10 Jan Es lebe der Umweg
Konzentriert, fokussiert, geradeaus und auf direktem Weg zum Ziel. So soll es sein! Mit kalter Effektivität alles erreichen. So geht Erfolg. Wer von Euch würde nicht gerne auf dieser Weise arbeiten? Ganz ehrlich: Ich finde diese Zielstrebigkeit super. Immer wieder wünsche ich mir, dass ich mehr davon hätte. Einerseits.

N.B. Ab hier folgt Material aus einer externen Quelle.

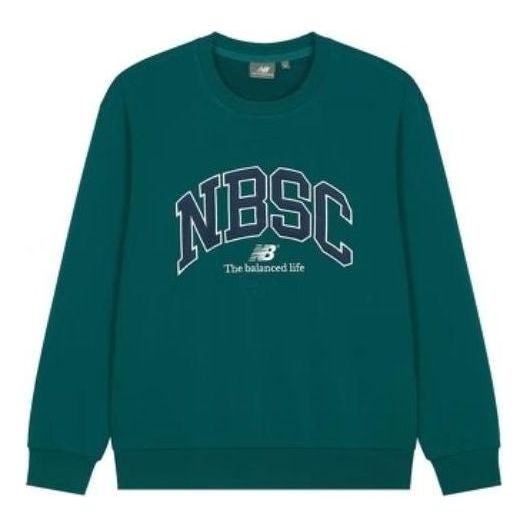 Sveter New Balance Sports Sweatshirt Zelené | 5CC44333-GRN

Andererseits: Wenn wir auf der Autobahn des Lebens immer nur auf unsere Ziele fixiert sind, übersehen wir alles, was links und rechts von uns passiert. Ob das unserer Kreativität dient, wage ich zu bezweifeln. Aus diesem Grund brauchen wir Wege, um neuen Input zu tanken. Wege, die unsere Kreativität herausfordern, kitzeln und füttern – die Umwege.

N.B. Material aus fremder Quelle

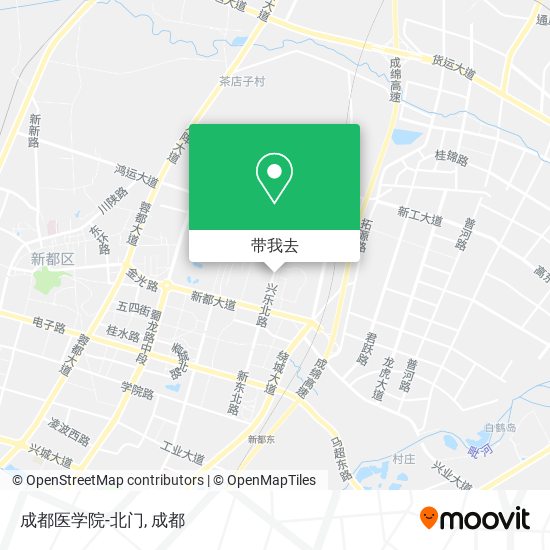 成都医学院-北门地图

Am Ende führt der Umweg auch uns an Ziel. Nur nicht so schnell. Aber wenn wir uns mit Kreativität befassen, dürfen wir uns nicht über verlorene Zeit beklagen, sondern sollten uns über jeden neu gewonnenen Eindruck freuen.
Wenn wir kreativ arbeiten, benötigen wir Bilder, Worte, Töne und Eindrücke. Sie sind das Baumaterial für alle neue Ideen, die wir entwickeln. Und genau hier können Umwege zu einer reichhaltigen Inspirationsquelle im Alltag werden. Wenn wir unsere ausgetretenen Pfade verlassen, begeben wir uns auf unbekanntes Terrain. Wir sehen alles neu und stärken so unsere Aufmerksamkeit. Gleichzeitig lernen wir Dinge kennen, die wir sonst nie entdeckt hätten. Und über genau dieses Futter freut sich unsere Kreativität.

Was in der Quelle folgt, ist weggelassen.